There is a lot of challenges in what you are trying to do: 1) If you use MTPE as references and the raw MT as positive the model might learn to simply "approximate" those sentences based on lexical overlaps. 2) If you generate a negative sample using the worst MT how do you guarantee that the translation is actually worse?
Ideally, you want your positive samples to be semantically correct but lexically diverse (in comparison to the reference). At the same time, you want to guarantee that your negative samples are in fact worse translations (which might be challenging)
With that said, I think these are interesting things to investigate... When we first launched COMET I believed that this approach based on the ranking was super promising. Then I started working more on the "regression" models because the data is easier to find and build but I still have hopes for the ranking approach
@ricardorei I trained my own regression model, and when i run the following command to use my metric.
comet-score -s src.de -t hyp1.en -r ref.en --model PATH/TO/CHECKPOINT
I get the following error:
comet-score: error: argument --model: invalid choice: '/lightning_logs/version_5/checkpoints/epoch=4-step=999.ckpt' (choose from 'emnlp20-comet-rank', 'wmt20-comet-da', 'wmt20-comet-qe-da', 'wmt21-comet-mqm', 'wmt21-cometinho-da', 'wmt21-comet-qe-mqm')

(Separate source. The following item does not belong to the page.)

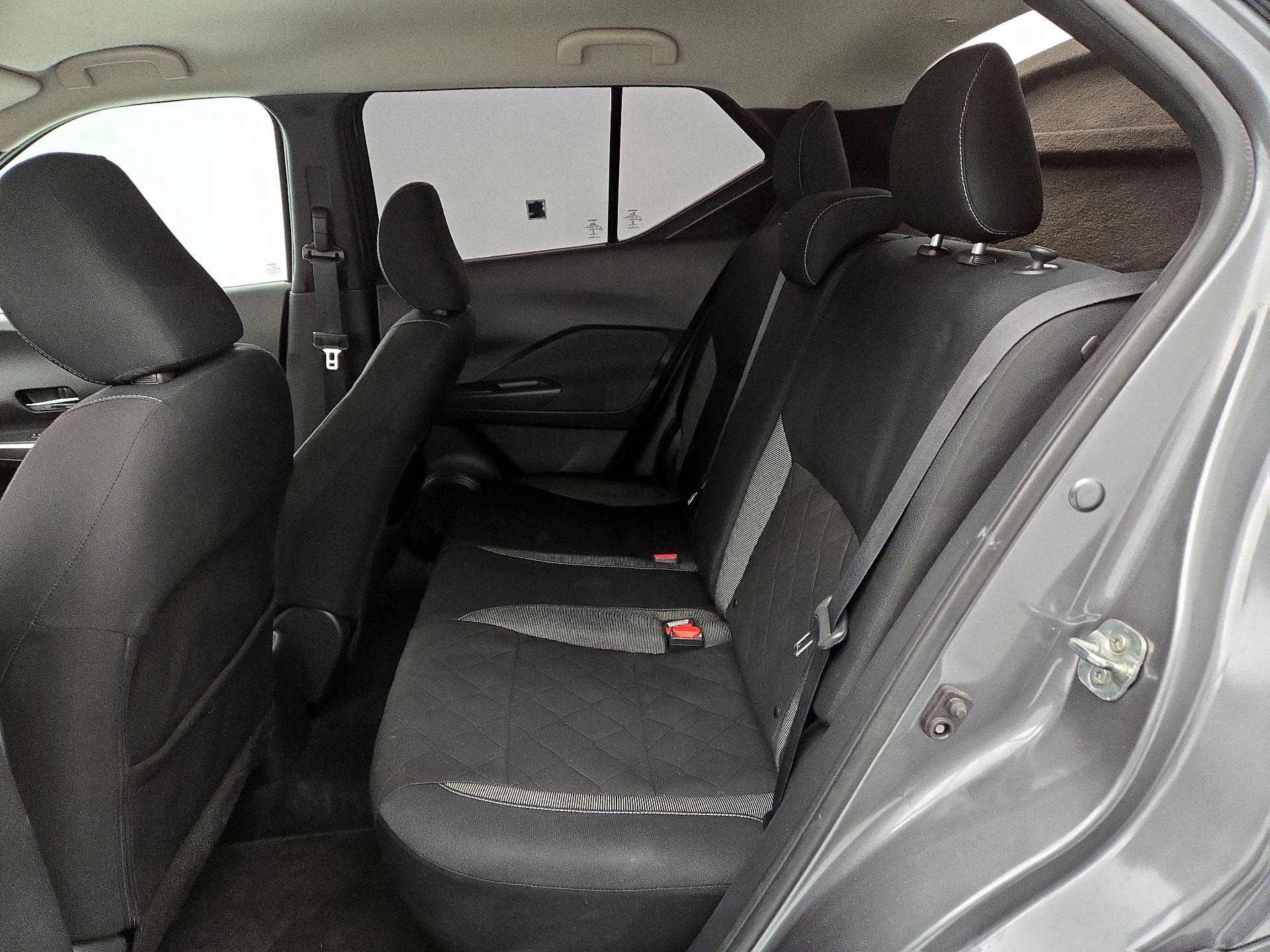 Thumbnail: 2019 Nissan Kicks - 19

which version are you using?
You should be able to run it but I was checking the code and the message error should actually be more explicit.
You are probably passing an invalid path.
try: lightning_logs/version_5/checkpoints/epoch=4-step=999.ckpt instead of: /lightning_logs/version_5/checkpoints/epoch=4-step=999.ckpt
The same thing even if i passed the full path!
which version are you using? is it the master code?
Yes, the last commit of master "c772b67"
hmm, that seems strange. Can you put a breakpoint in L161 and check the if condition? Its basically failing on os.path.exists(cfg.model)
I just can't figure out why... Locally I can use it by passing the path to a checkpoint.
Thank you so much :)
I want to train a ranker model for the evaluation of English-Arabic data. The data format contains "src, mt, ref, score" based on https://github.com/Unbabel/COMET/blob/0.1.0/docs/source/training.md
when I use comet-train to train my own evaluation metric using "bert-base-multilingual-cased", I get the following error:
Some weights of the model checkpoint at google/bert_uncased_L-2_H-128_A-2 were not used when initializing BertModel: ['cls.seq_relationship.weight', 'cls.predictions.transform.dense.weight', 'cls.predictions.transform.LayerNorm.weight', 'cls.seq_relationship.bias', 'cls.predictions.decoder.bias', 'cls.predictions.decoder.weight', 'cls.predictions.transform.LayerNorm.bias', 'cls.predictions.bias', 'cls.predictions.transform.dense.bias']
What is your question?
What is the data format for training my own ranker metric? and what is ['pos', 'neg']? What is the scale for the "score" column in the data?